La scintilla che ha infiammato progressivamente le proteste dei cittadini serbi è il crollo, oltre quattro mesi fa, all’indomani di lavori di ristrutturazione, di una tettoia di cemento nella stazione ferroviaria di Novi Sad, nel Nord della Serbia, causando la morte di quindici persone. Era l’ultima dimostrazione di una corruzione senza scrupoli che serpeggiava sempre più nel Paese e di fronte alla quale gli studenti serbi e la popolazione nel suo insieme hanno risposto con pacifiche ma determinate e tenaci proteste. Un vero movimento nazionale che, malgrado l’atteggiamento minaccioso del Governo non ha intenzione di fermarsi, come dimostrato nella manifestazione del 15 marzo scorso.
La richiesta di giustizia, di democrazia, di rispetto dello stato di diritto, della libertà di espressione e del rispetto dei diritti fondamentali, attraversa tutto il movimento di protesta serbo e riporta inevitabilmente sotto i riflettori il fatto che la Serbia, con altri cinque Paesi dei Balcani (Albania, Montenegro, Macedonia del Nord, Bosnia Erzegovina e Kosovo), è Paese candidato all’adesione all’Unione Europea. Al riguardo, se da una parte il movimento, a differenza delle manifestazioni in Georgia o in Moldavia, non ha portato in piazza entusiasmo o particolare interesse per l’Unione, dall’altra la stessa Unione non ha dimostrato l’attenzione necessaria a tali proteste e al loro peso nel negoziato in corso. Senza dimenticare che il Presidente Vucic non ha mai nascosto la sua vicinanza alla Russia e al Presidente Putin.

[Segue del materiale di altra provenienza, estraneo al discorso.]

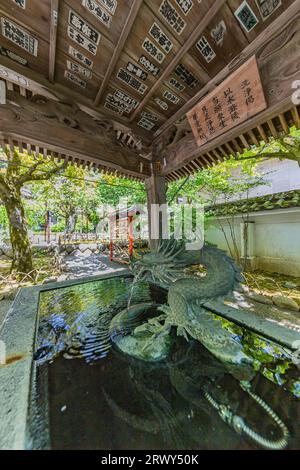 Un waterhouse con una sorgente termale nel terreno del Tempio di Izu Shuzenji Foto Stock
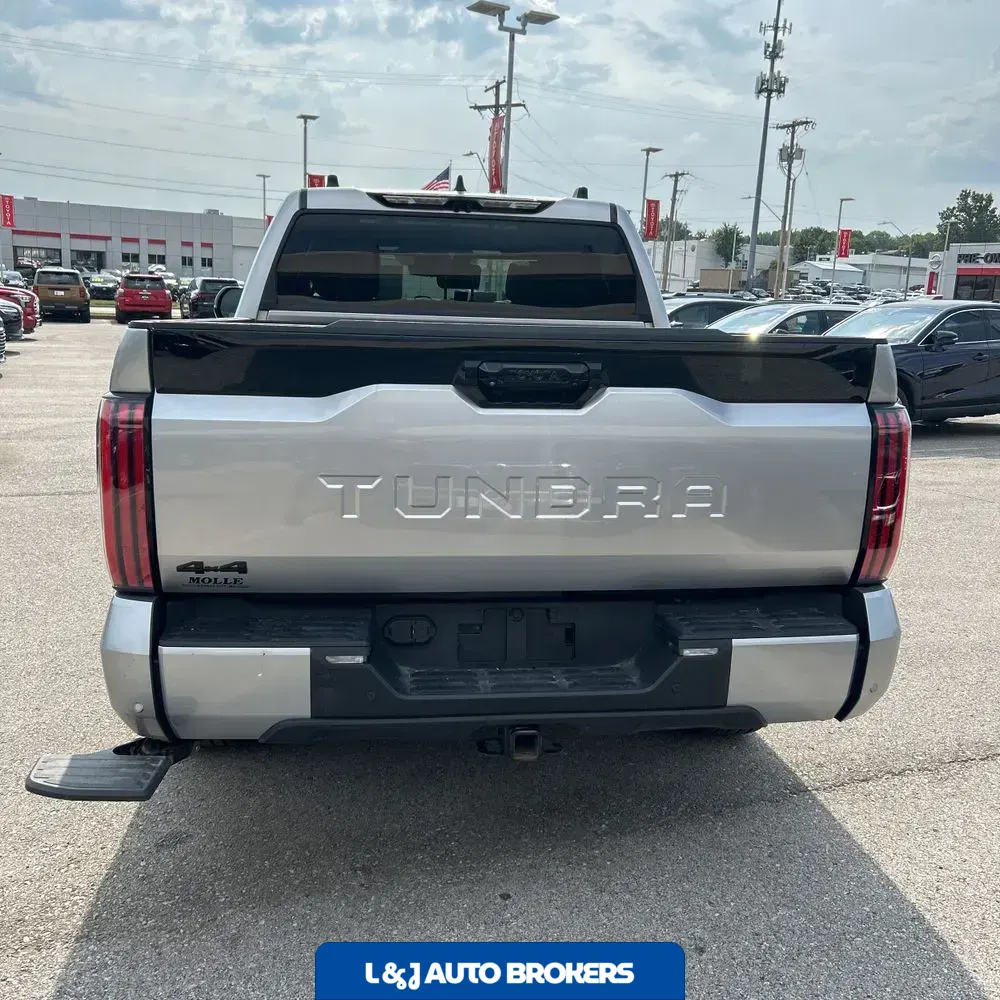 2025 Toyota Tundra Platinum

I Paesi dei Balcani hanno iniziato il loro percorso di avvicinamento all’Unione Europea all’indomani delle guerre degli anni Novanta, guerre che hanno lasciato profonde ferite, mai completamente rimarginate. I rapporti e i negoziati con l’Unione Europea hanno puntato in primo luogo ad un sostegno all’ integrazione e alla cooperazione politica ed economica regionale, strategia volta in particolare alla riconciliazione fra i Paesi per poter poi concentrarsi, a partire dal 2003, sui percorsi di integrazione nel sistema politico e normativo dell’Unione.
Un lungo percorso cosparso di difficoltà, di battute d’arresto politiche da parte dell’Unione, ma anche di incertezze da parte dei singoli Paesi sulla strada delle riforme necessarie all’adesione, riforme su stato di diritto, giustizia e diritti fondamentali in particolare.
Resta il fatto che l’adesione dei Paesi dei Balcani è senza dubbio una delle sfide maggiori che attendono l’Unione nel prossimo futuro, soprattutto in questo nuovo contesto geopolitico in rapida ed insicura trasformazione e in cui l’Unione rischia la marginalità sullo scacchiere internazionale. E’ soprattutto di particolare urgenza ed importanza la radicale riforma delle regole di governance delle Istituzioni europee, con il rischio, a più lunga scadenza dell’ingovernabilità di un’Unione a 33 Paesi, nell’attesa di altri Paesi candidati come Ucraina e Moldavia.